**WHAT TO DO**
Transcribe, exactly and without pictures, the lines below from the line with "crabe fluffy jellycat" to the line with "Trousse De Toilette", both ends included, and no others.

**DATA FOR ANALYSIS**
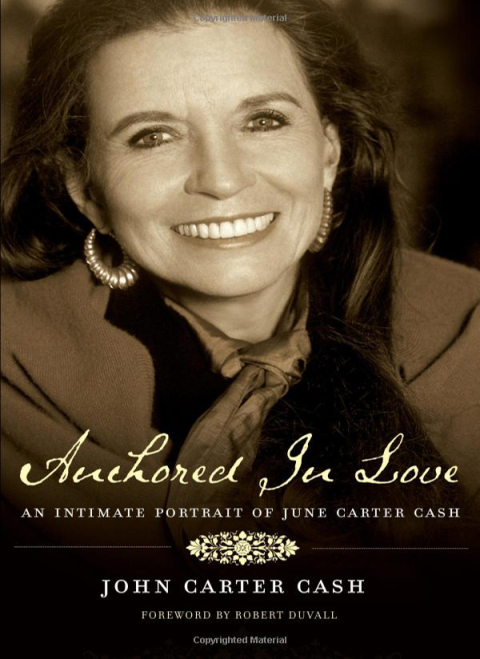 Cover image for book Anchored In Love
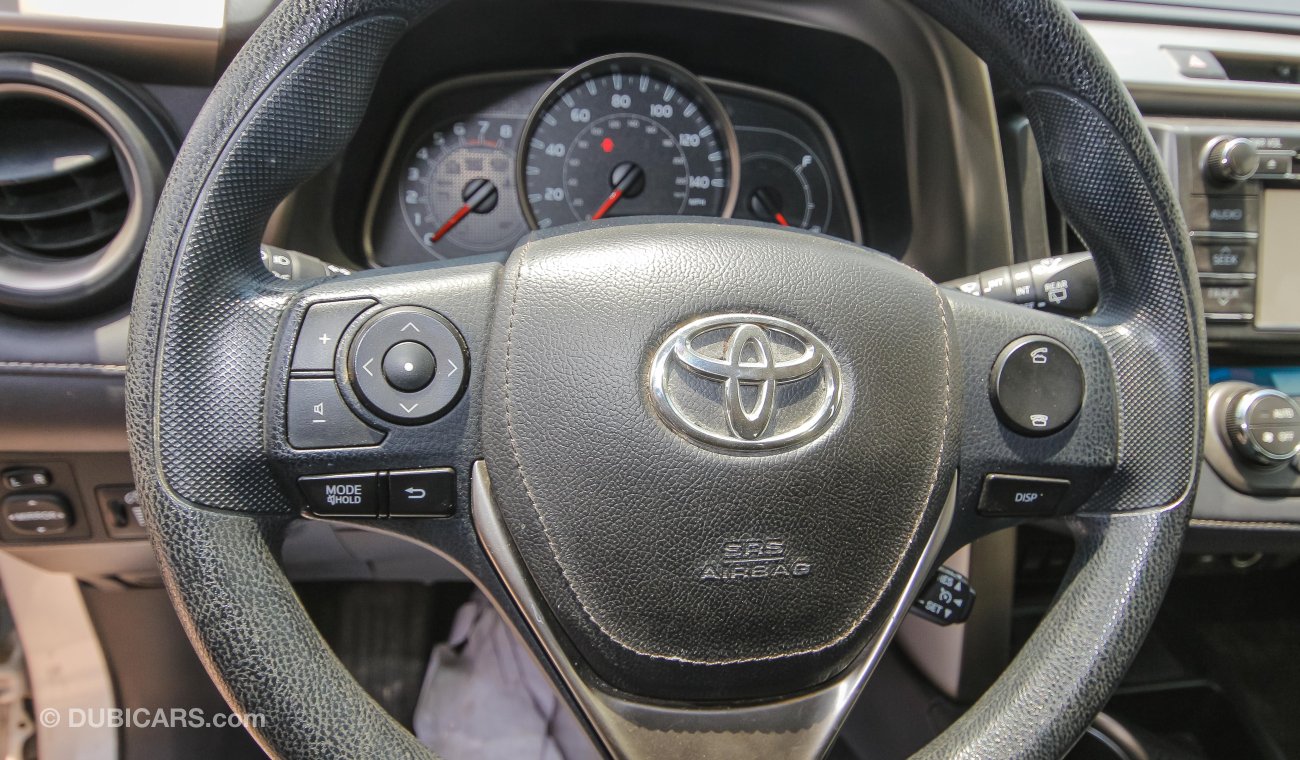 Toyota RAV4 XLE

...

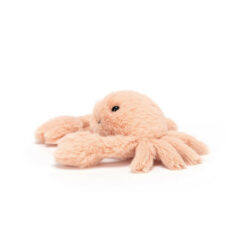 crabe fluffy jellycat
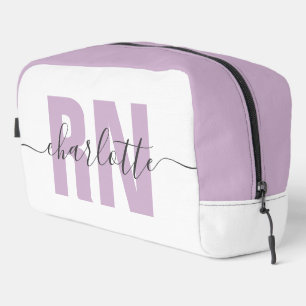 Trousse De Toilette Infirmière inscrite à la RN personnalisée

**TASK SOLUTION**
 crabe fluffy jellycat
 Trousse De Toilette Infirmière inscrite à la RN personnalisée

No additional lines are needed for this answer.